Una nuova ondata di teppismo nel centro storico riaccende il dibattito sulla sicurezza urbana a Olbia. Durante la notte tra mercoledì e giovedì scorsi, il parcheggio di piazzale Amucano, situato a pochi passi dal corso Umberto e dalla stazione ferroviaria, è stato teatro di un raid che ha lasciato danni e amarezza. I proprietari delle auto parcheggiate hanno scoperto ieri mattina una scena di saccheggio: vetri infranti, abitacoli devastati e diversi oggetti – tra cui occhiali, vestiti e documenti – rubati.

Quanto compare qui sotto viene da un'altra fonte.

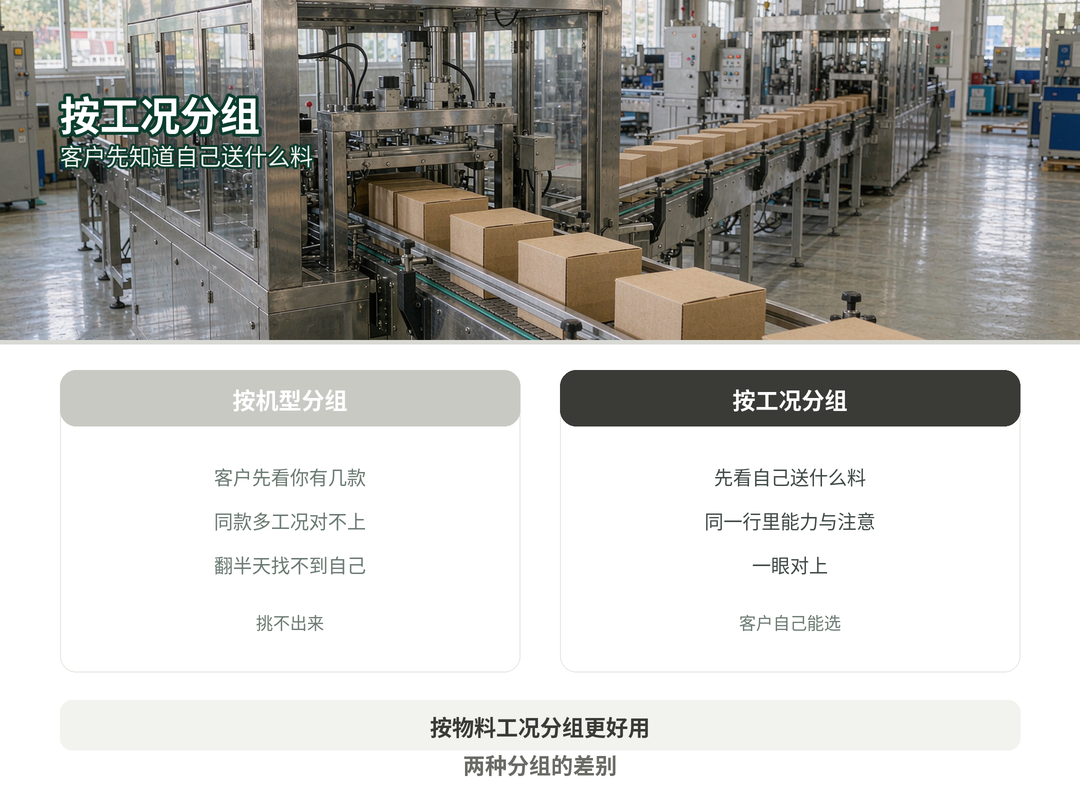 按工况分组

Secondo le prime ricostruzioni, almeno cinque veicoli sono stati presi di mira dai ladri. L’area, frequentata durante il giorno da commercianti e cittadini, si svuota completamente la sera, diventando terreno fertile per azioni criminose. La mancanza di telecamere di sorveglianza aggrava la situazione, rendendo difficile risalire agli autori dei furti.
Una zona critica senza controlli adeguati.
Piazzale Amucano, che ospita una ventina di parcheggi gratuiti e alcune postazioni per la ricarica di auto elettriche, è spesso deserto nelle ore serali, specie nei mesi invernali. Nonostante la vicinanza al parcheggio a pagamento dell’Aspo, l’area si trasforma in una “terra di nessuno”. D’estate il luogo viene talvolta occupato da senzatetto, mentre d’inverno diventa teatro di atti vandalici e furti.
I proprietari delle auto danneggiate hanno sporto denuncia ai carabinieri, intervenuti per primi sul posto durante un normale servizio di pattuglia. Gli agenti hanno avvisato i cittadini coinvolti e avviato i rilievi alla ricerca di tracce utili all’identificazione dei responsabili. Tuttavia, il raid evidenzia una problematica di lungo corso: il centro storico di Olbia continua a essere segnato da episodi di microcriminalità, tra cui furti nei negozi, risse e traffici illeciti.